The "eks-gpu.yaml" file contains the declarative specification for our Amazon EKS Cluster.
Cluster Details¶
The following items may need to be updated/customized if you made changes to these or used alternate names.
- cluster name: "demo-gpueks"
- cloud provider: "eks
- project: "default project"
- AWS Region: us-west-1 region
- One regular node group (with t3.large instance type)
- One GPU node group (with g4dn.xlarge instance type)

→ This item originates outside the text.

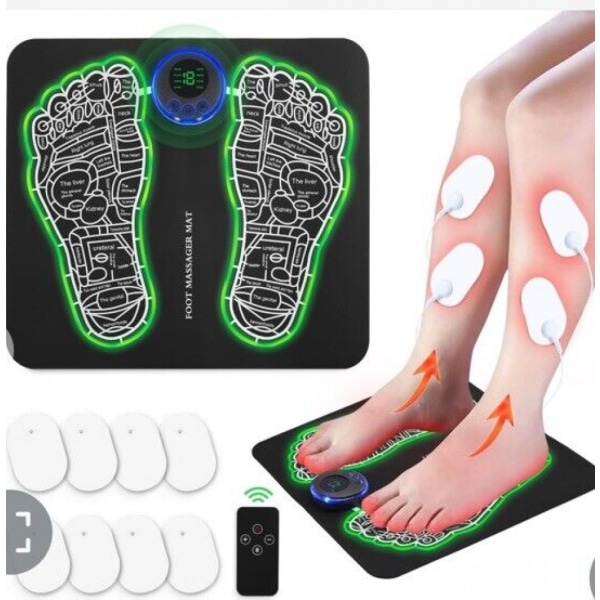 EMS Foot Massager Mat för Neuropathy-Foot Stimulator Massager med fjärrkontroll...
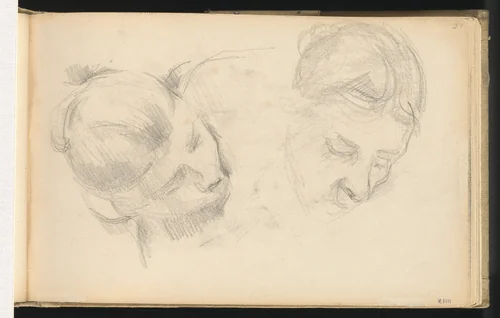 Two Heads of Women by Paul Cezanne, drawing, 1890-1894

Step 2: Provision Cluster¶
- Navigate to the "cluster" sub folder
- Type the command
rctl apply -f eks-gpu.yaml
If there are no errors, you will be presented with a "Task ID" that you can use to check progress/status. Note that this step requires creation of infrastructure in your AWS account and can take ~20-30 minutes to complete.
{
"taskset_id": "z24zlmy",
"operations": [
{
"operation": "NodegroupCreation",
"resource_name": "gpu-nodegroup",
"status": "PROVISION_TASK_STATUS_PENDING"
},
{
"operation": "NodegroupCreation",
"resource_name": "t3-nodegroup",
"status": "PROVISION_TASK_STATUS_PENDING"
},
{
"operation": "ClusterCreation",
"resource_name": "demo-gpueks",
"status": "PROVISION_TASK_STATUS_PENDING"
}
],
"comments": "The status of the operations can be fetched using taskset_id",
"status": "PROVISION_TASKSET_STATUS_PENDING"
}
- Navigate to the project in your Org
- Click on Infrastructure -> Clusters. You should see something like the following
- Click on the cluster name to monitor progress
Step 3: Verify Cluster¶
Once provisioning is complete, you should see a healthy cluster in the web console
- Click on the kubectl link and type the following command
kubectl get nodes
You should see something like the following
NAME STATUS ROLES AGE VERSION
ip-192-168-139-38.us-west-1.compute.internal Ready <none> 5m28s v1.21.5-eks-bc4871b
ip-192-168-168-241.us-west-1.compute.internal Ready <none> 5m28s v1.21.5-eks-bc4871b
Step 4: Verify GPU Operator¶
Now, let us verify whether the Nvidia GPU Operator's resources are operational on the EKS cluster
- Click on the kubectl link and type the following command
kubectl get po -n nvidia
You should see something like the following
NAME READY STATUS RESTARTS AGE
gpu-operator-857dbb9945-jfnqk 1/1 Running 0 4h21m
gpu-operator-node-feature-discovery-master-6f698554df-jvht5 1/1 Running 0 4h21m
gpu-operator-node-feature-discovery-worker-9pw8c 1/1 Running 0 118m
gpu-operator-node-feature-discovery-worker-bzvt5 1/1 Running 0 9m56s
The GPU Operator will automatically add "required labels" to the GPU enabled worker nodes.
- Click on nodes and expand the node that belongs to the "gpu" node group
Recap¶
Congratulations! At this point, you have successfully configured and provisioned an Amazon EKS cluster with a GPU node group in your AWS account using the RCTL CLI. You are now ready to move on to the next step where you will deploy a "GPU Workload" and review the integrated "GPU Dashboards"